A csardas or czardas is an Hungarian dance noted for its changes in tempo. “Die Csardasfurstin” is a 1907 operetta by Emmerich Kalman (1882-1953), a Hungarian composer, many of whose works were contemporaneous with those of Franz Lehar, a Hungarian composer working in the Viennese style (that is, waltzes).
Even at the time of “Die Fledermaus” (1874), Hungarian music was all the rage in Europe. So while other composers did what they could to get Hungarian music into obligatory party scenes, Kalman’s scores gave audiences the real thing.
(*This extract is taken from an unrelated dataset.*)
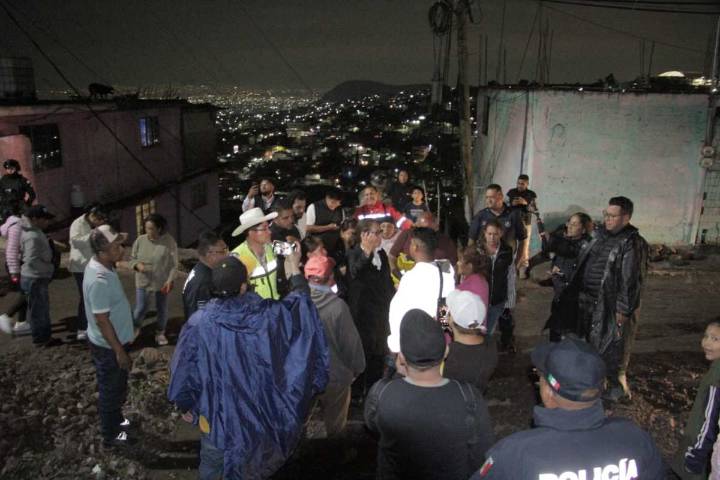 Se colapsa barda en Almárcigo Norte; pedazos caen sobre camioneta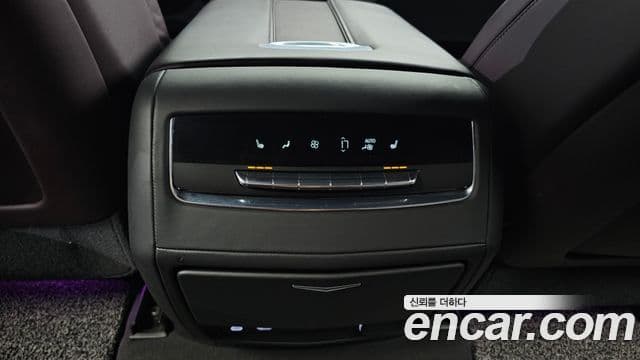 Cadillac Escalade 2021 — Şəkil 36/41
Since Act I of “Die Csardasfurstin” takes place in Budapest, the songs and dances are brimming over with Hungarian folk melodies.
Back in 1969, an abridged version was made for television with Anna Moffo in the title role (“The Gypsy Princess” is the common translation for this work, but it is inaccurate and misleading) and it is available on a Deutsche Grammphon DVD. But now there is a complete “live” performance on the Video Land label as given in 2002 at the Seefestspiele Morbisch. The open air stage is vast, the cast of singers and dancers fills it nicely, and the whole production is given a glitzy Broadway style that somehow does not seem top-heavy.
The plot involves a nobleman, Edwin (Ferdinand von Bothmer), who is engaged by his parents to the Countess Stasi (Kerstin Grotrian) but is in love with the singer Sylva (Vera Schoenenberg) whose specialty is singing czardas numbers. Although ready to leave on a tour to America, she is willing to stay for Edwin…but of course things go awry. The denouement, although not very original, still comes as a surprise.
Schoenenberg is tall and attractive enough to make a convincing Sylva, while von Bothmer is not quite as attractive as one would wish for the dashing male lead. Contributing to the fun is Edwin’s friend Count Boni (Markus Werba), who with Countess Stasi shares the role of the secondary loving couple. Alas, those horrible body mikes are even more offensive in close-ups.
I am most impressed with the opening, in which the dead bodies of civilians are lying amidst the rubble of some restaurant. Then two clocks turn back a quarter-hour, the bodies revive, and all is jolly in pre-World War I Budapest. Act II takes place 10 minutes before the fatal hour, Act III 5 minutes before. Thankfully, the show ends on a happy note; but the Seefestspiele fireworks after curtain calls might be interpreted in a less jolly manner.
The running time is 132 minutes and subtitles are in three languages but not in German.